# Akita pups



## kuma (Aug 26, 2008)

Heres a few pics taken in the last week pups are 5 weeks today very beautiful pups going to be hard when i have to let them go to a good home....


----------



## Guest (Sep 12, 2008)

OMG how lush are they


----------



## RebeccaArmstrong (May 23, 2008)

OMG i love them ... i want that little one just behind the others on the middle picture - i looked at him first when i opened the picture and could hear a little 'mummy?' Lol


----------



## kuma (Aug 26, 2008)

who couldn't fall in love with these 2 pups female with the leaf in her mouth and a male sitting down... i love them all there all beautiful


----------



## happysaz133 (Jun 5, 2008)

They are adorable little fluffballs


----------



## momentofmadness (Jul 19, 2008)

They are so cute..

Does anyone remember the cartoon the Ewoks... well the pic of them looking out of there bed reminds me of the E E E E Ewoookkkkks!!


----------



## Guest (Sep 12, 2008)

dont rememba ewoooooooooooks lol.

omg tho, them babys are gorgoussssss....i luv them rusty color puppys...now i wouldnt say no to one of them


----------



## JANICE199 (Feb 1, 2008)

my hubby would love one of those
they are beautifull


----------



## colliemerles (Nov 2, 2007)

wow they are gorgeous,,,,,,,,,,,,,,,,,,


----------



## Guest (Sep 13, 2008)

Oh my god i should not have looked at this thread,,,,,,,,,,,,,,,,,,,,, i want one


----------



## Jumberlina (Apr 8, 2008)

Orrrr wats this 1's name??

Its so cute....

Its my favourite.....

Can i hav him????

..................


----------



## sskmick (Feb 4, 2008)

What gorgeous puppies, so chunky and fluffy.

Sue


----------



## Vixie (Nov 17, 2007)

they are gorgeous pups so so cute


----------



## kuma (Aug 26, 2008)

Had to post a couple more pics there to cute


----------



## budette (Sep 18, 2008)

Beautiful pups ... I'd take them all if I could.

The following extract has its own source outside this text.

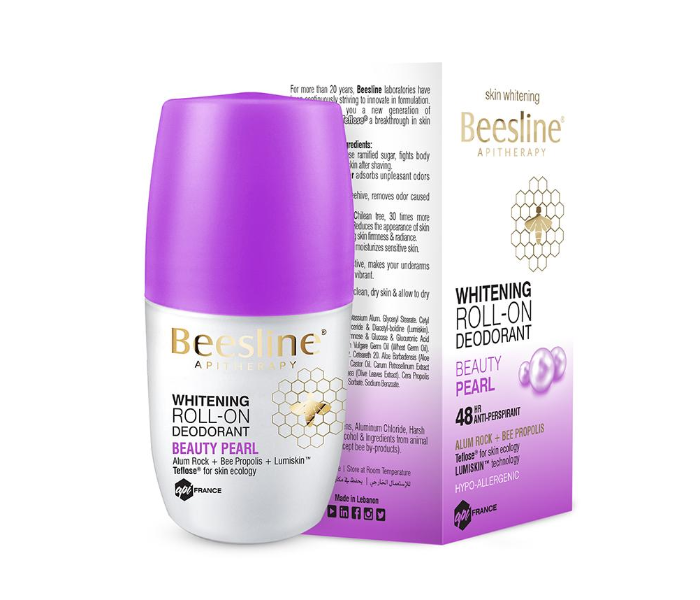 Beesline 50ml Whitening Roll On Beauty Pearl Deodorant - Zoom Image 2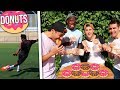 ¡¡EL RETO DE LOS DONUTS!! ¡FUTBOL VIDA REAL!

Hope you find a good home for them all!  Thanks for sharing


----------



## Jumberlina (Apr 8, 2008)

Jumberlina said:


> Orrrr wats this 1's name??
> 
> Its so cute....
> 
> ...


isnt that 1 cute


----------



## 70ridgeway (Nov 13, 2008)

stunning only word for them i hope you find homes for them all


----------



## SallyUK (May 27, 2008)

They are absolutely fantastic.

I love the one to the far right in both pics 

Sal
x


----------



## firestormkitty (Apr 27, 2008)

Eolabeo said:


> dont rememba ewoooooooooooks lol.
> 
> omg tho, them babys are gorgoussssss....i luv them rusty color puppys...now i wouldnt say no to one of them


Are you coming back we have missed you in the general chat :thumbup:


----------



## colliemerles (Nov 2, 2007)

firestormkitty said:


> Are you coming back we have missed you in the general chat :thumbup:


.............................


----------



## Guest (Nov 26, 2008)

kuma said:


> Heres a few pics taken in the last week pups are 5 weeks today very beautiful pups going to be hard when i have to let them go to a good home....


Lovely pups ! what does the mum and dad look like ?? post a pic of them !


----------



## noushka05 (Mar 28, 2008)

they are Gorgeous like little bears!


----------